29. On 17 October 2016 Mrs English said that she was now in a position to put forward her proposals for settlement. In this she explained her recalculation of sales, being the £30,714 from unexplained bankings and banked car sales to which she added £5,325 which she said was sales not banked and therefore cash. Her workings were enclosed. The profits on this basis were £16,553 leading to increased tax of £5,606.62 as shown on a tax calculation which she had enclosed. She said that penalties under Schedule 24 FA 2007 would be imposed and that she considered the appellant’s behaviour deliberate, giving her explanation and that he had not indicated that the sales were understated. She said that unless the accountants contacted her by 31 October 2016 she would assume the revised profits were agreed and she would issue her “decision letter” and her Penalty Explanation letter.
30. On 4 November Mrs English wrote again to the accountants, having spoken to Mr Akram of the accountants on the phone and agreed to explain her recalculation of sales which she did. She extended the deadline for agreement to 26 November.
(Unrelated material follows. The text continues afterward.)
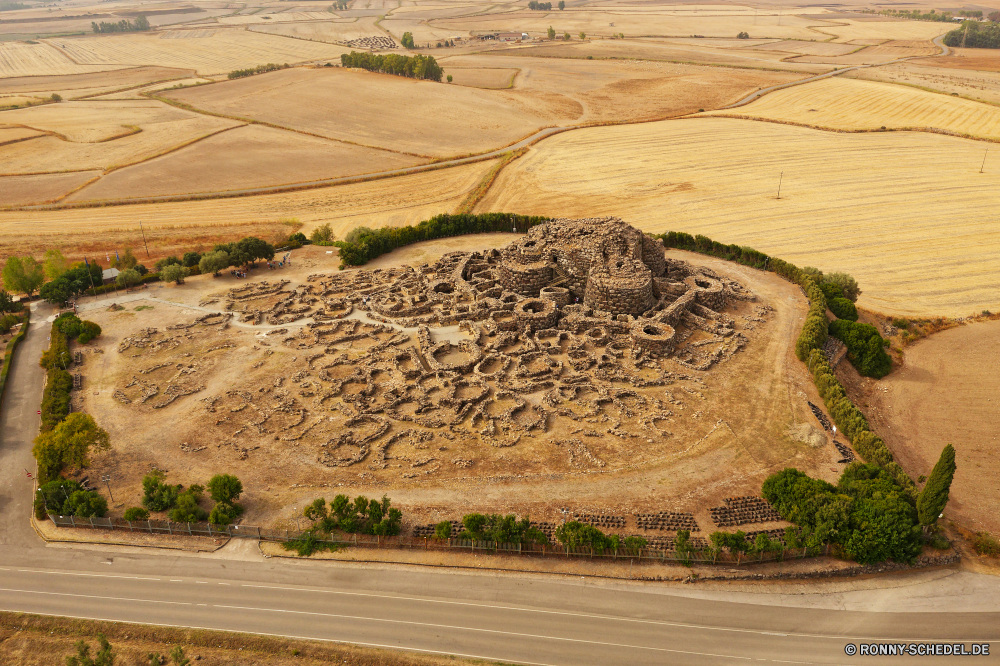 Nuraghe Su Nuraxi Sand Wüste Landschaft Himmel Reisen Fels Boden Tourismus Park Erde nationalen Berg Schlucht Stein Wasser trocken Strand Sandstein Urlaub im freien Backstein Sommer landschaftlich Berge heiß natürliche Düne Antike Aushöhlung Fluss Baumaterial im freien Wolken Arid Architektur Umgebung Hügel Tal Orange Wolke sonnig Meer Insel See Geologie Sonne Tourist Ozean historische Küste niemand Land Klippe Wahrzeichen Küste Gebäude Südwesten Labyrinth Baum Tag Attraktion Grab Felsen Ziel Denkmal berühmte Straße Szenerie Sonnenuntergang Geschichte gelb Wild Hügel Knoll Boden Schmutz Abenteuer Feld Sonnenaufgang Wärme Stadt Festung Horizont Erholung Entwicklung des ländlichen sand desert landscape sky travel rock soil tourism park earth national mountain canyon stone water dry beach sandstone vacation outdoors brick summer scenic mountains hot natural dune ancient erosion river building material outdoor clouds arid architecture environment hill valley orange cloud sunny sea island lake geology sun tourist ocean historical coastline nobody land cliff landmark coast building southwest maze tree day attraction grave rocks destination monument famous road scenery sunset history yellow wild hills knoll ground dirt adventure field sunrise heat city fortress horizon recreation rural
31. On 13 January 2017 there was a meeting between Mr Akram and Mrs English. The notes prepared by Mrs English on 18 January 2017 said that Mr Akram had requested the meeting to attempt to agree the profits. Mrs English told him she had treated all unidentified deposits into the bank account as from sales of cars. Mr Akram had said that there were explanations for many of the deposits and that Mrs English agreed to look at them again.
32. Mr Akram said he would not be in a position to reply until after 31 January as he was busy with SA returns.
33. On 19 January 2017 Mrs English wrote to the appellant and said that she intended to issue a closure notice for 2013-14 and a penalty assessment for the same year. She had recalculated the revised profits from car sales as £12,549, having accepted some of Mr Akram’s explanations for deposits. She attached a schedule which she said outlined her recalculation of sales and showed the additional tax and Class 4 NICs due at £3,468.46.
34. Also[5] on 19 January 2017 Mrs English wrote another letter to the appellant and said that she intended to issue a closure notice for 2013-14 and a penalty assessment for the same year. She had recalculated the revised profits from car sales as £12,549, having accepted some of Mr Akram’s explanations for deposits. She attached a schedule which she said outlined her recalculation of sales and showed the additional tax and Class 4 NICs due at £4,651.46.
35. She also sent a penalty explanation letter dated 20 January 2017 explaining that she was giving a reduction of 65% for the quality of the disclosure. The potential lost revenue was £3,468.46 and the penalty £1,638.84.
36. On 3 February 2017 she issued a penalty assessment for 2013-14 in the amount of £2,197.81[6].
37. On 6 February 2017 she sent a closure notice under s 28A TMA containing her conclusions from her check which were to recalculate the profits of the trade and her amendments to the tax return which showed tax of £4,651.46 was payable.
38. In a letter of 11 May 2016 Mrs English had said that, under the heading “Companies” in his Statement of Personal Assets and Liabilities, the appellant had referred to his interest in “Auto select Ltd” (sic) but that from her review[7] she understood that he was a sole director of Motorplus Notts Ltd from July 2013.
39. She then stated that “this is a full compliance check”[8] and that she was examining all sources of income, and she asked four questions about Motorplus Notts Ltd.
40. The accountants replied saying that the appellant had tried to rent premises at 188 Northgate for Motorplus Notts Ltd but that fell through and the company he had set up never traded, and he enclosed bank statements showing that.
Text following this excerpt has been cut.